Random Sampling | Michael Blog

Overview

I heard that because you are reading this, you must be wanting this week’s recap for data science. I will gladly share that information, but first shout out to our sponsor for today’s post, welcome ~~brand name...~~. JK, there is no sponsor but if there was I could have used random sampling to determine which one to use (implying that there was lots of requests), and/or find out the amount of money they are wiling to spend. This is not a good example as random sampling is more used in ‘big data’ and there is not that many brands that will know about me, but the concept is the same. All it is doing is getting an idea of the data by using a subset of the information (selected randomly), and then analyzing them like small data (or normally).

What was learned

The basic method (Simple Random Sampling) is making each element of data to have equal chance of being chosen. This is also the easiest and is what is most commonly thought of when thinking of random sampling.

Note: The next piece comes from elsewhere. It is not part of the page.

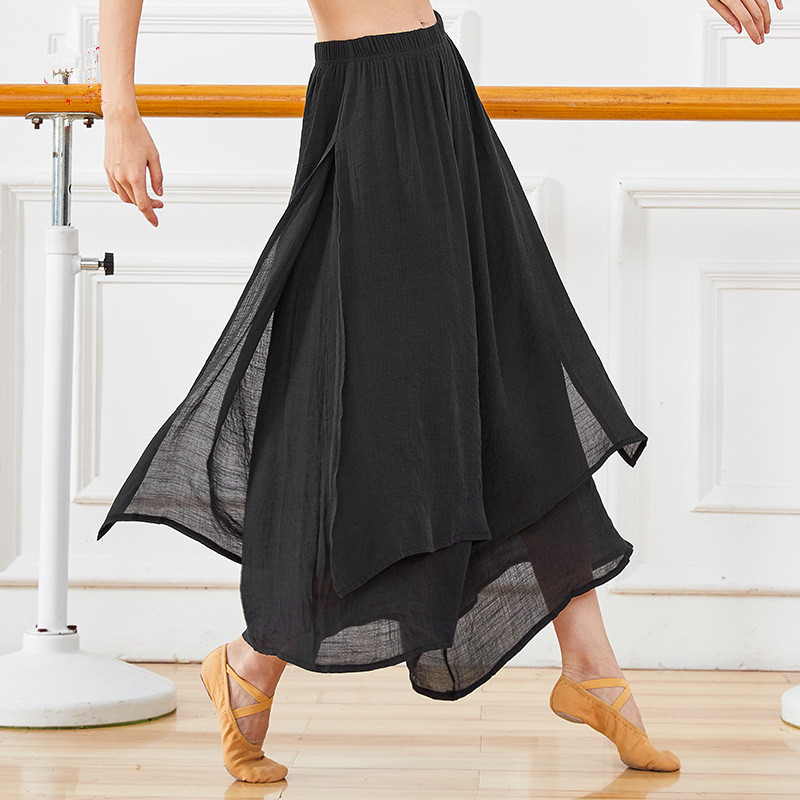Dance Pants Women's Modern Dance Wide-leg Pants Chiffon Loose Training Pants Split Adult Classical Elegant Training Clothes Culottes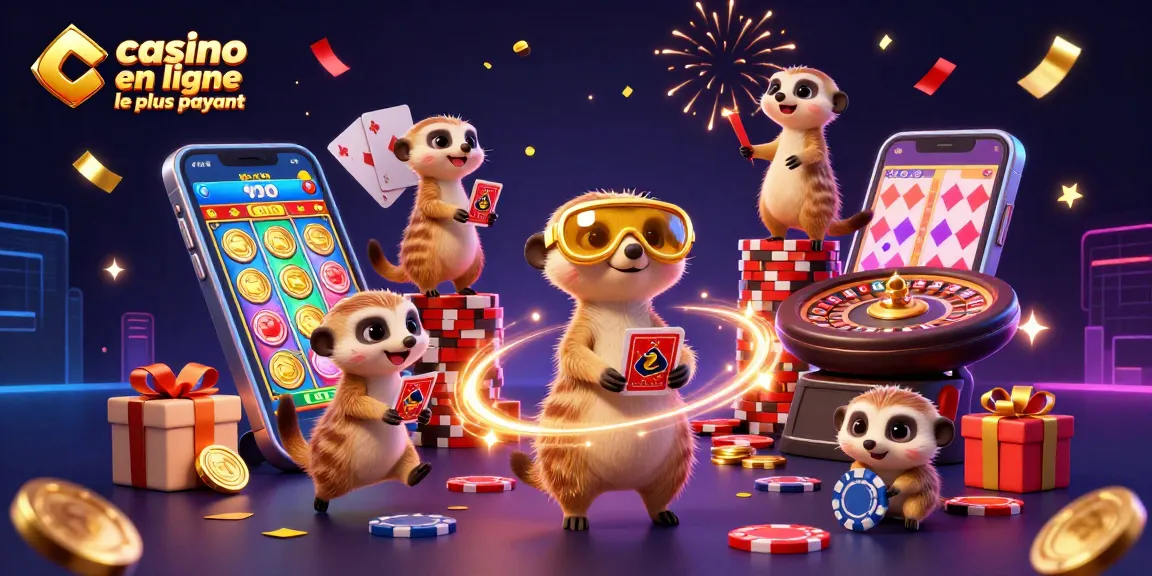Les suricates dirigent un casino en ligne le plus payant, entourés de jeux et de billets colorés.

A more complex method is called Stratified Random Sampling, this splits the data into groups, and then gives those equal chance of being chosen. It is not that different to the basic method because it is just making all categories equal. However, this method can give the smaller groups a bigger voice and thus can lead to data issues.

If you want to be more fancy you can use the Cluster Random Sampling method, this is separating all the data elements into clusters, and then select random clusters which contain some from each groups.

Or, maybe you want something back to basics but with order, this is where Systematic Random Sampling comes in, like the name suggests this is not choosing the data randomly but rather using an order (ie. every nth element)

But why? One of these methods need to be used because humans can’t comprehend that much data (because we are talking about using big data). And otherwise getting an idea of the data would be hard, you just need to chose which one (some of them are harder to make, more expensive with resources)

Reflection

How can you elaborate more?

I most defiantly could have elaborated more then I did in the last week. We had a task to complete, but I didn’t do that much of it and that wasn’t done that well, and there was also 2 weeks that we were given for this (I only looked at it on the second week because 1. I had the exam and 2. I thought I had heaps of time). Overall, there are a significant amount of improvement, but that should be done over time (where I should elaborate more in everything - just look at my first blog post and now, big change!)

What made you curious?

The curiosity of learning about the many ways that big data can be analyzed was interesting. I got curious because there were originally one way (that I knew of) which was to spend lots of time going through the large amounts of data to get an idea of it. But now (with the new knowledge) I can choose one of the methods that is best suited for the result I am wanting. I also wonder how many other ways that there are to be able to analyse big data.

Which activities helped you learn the most?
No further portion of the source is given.